YOUR GOAL: Print exactly, and only, the lines from the one containing "Standard Room, 2" through the last line of the records below, both included; leave out the pictures.

INPUT MATERIAL:

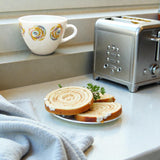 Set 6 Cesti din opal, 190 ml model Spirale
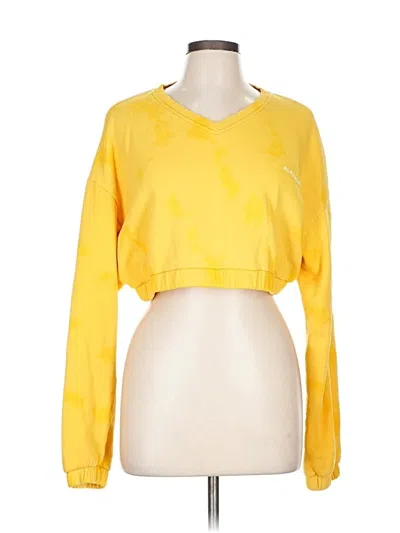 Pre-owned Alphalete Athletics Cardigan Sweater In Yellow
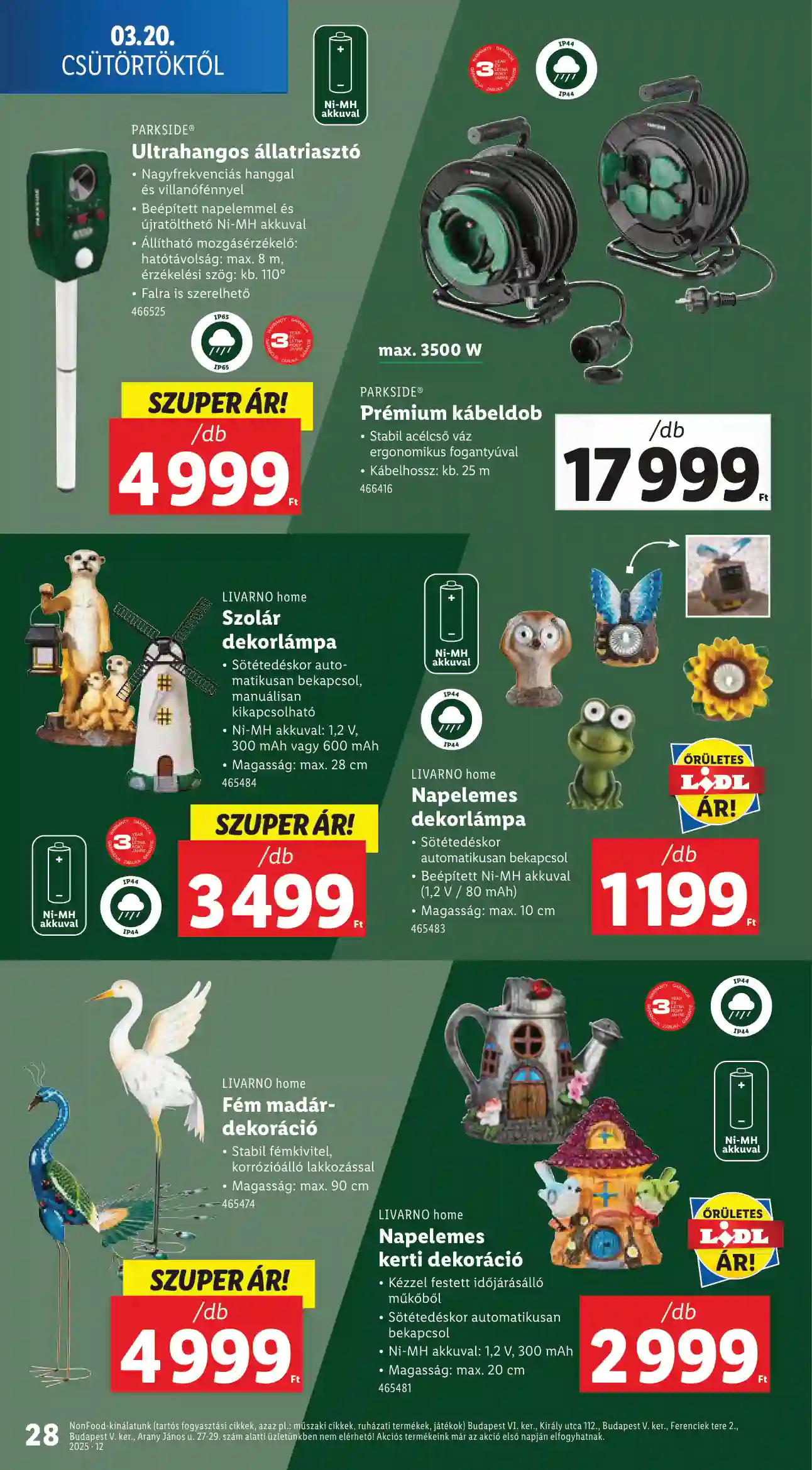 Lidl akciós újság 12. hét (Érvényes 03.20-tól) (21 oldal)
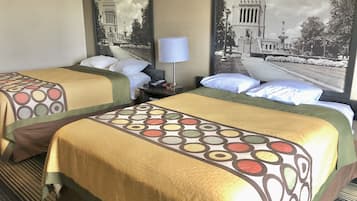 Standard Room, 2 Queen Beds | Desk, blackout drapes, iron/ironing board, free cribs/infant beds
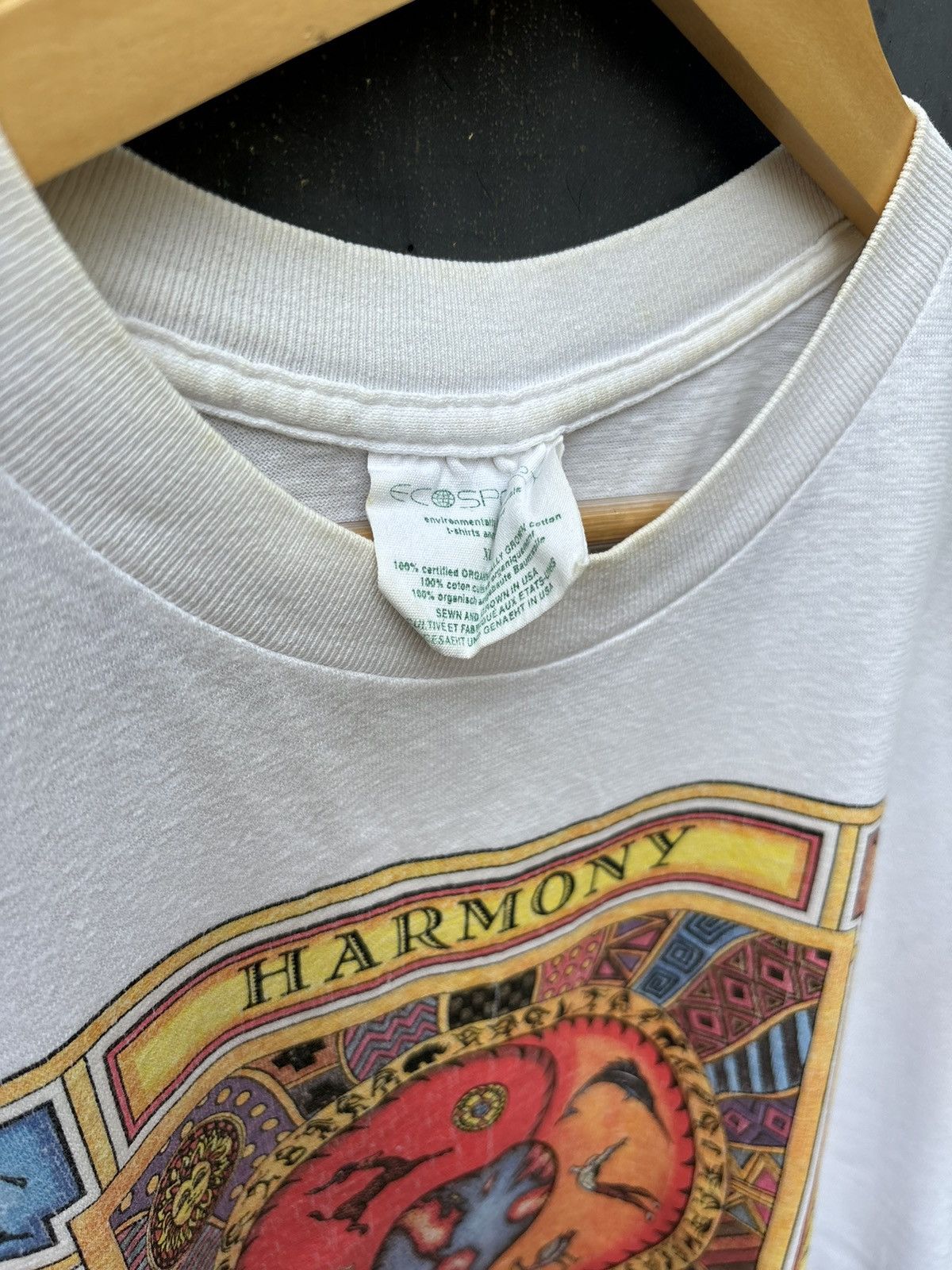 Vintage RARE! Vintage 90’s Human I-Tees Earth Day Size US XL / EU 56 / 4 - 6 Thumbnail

RESPONSE TO THIS TASK:
 Standard Room, 2 Queen Beds | Desk, blackout drapes, iron/ironing board, free cribs/infant beds
 Vintage RARE! Vintage 90’s Human I-Tees Earth Day Size US XL / EU 56 / 4 - 6 Thumbnail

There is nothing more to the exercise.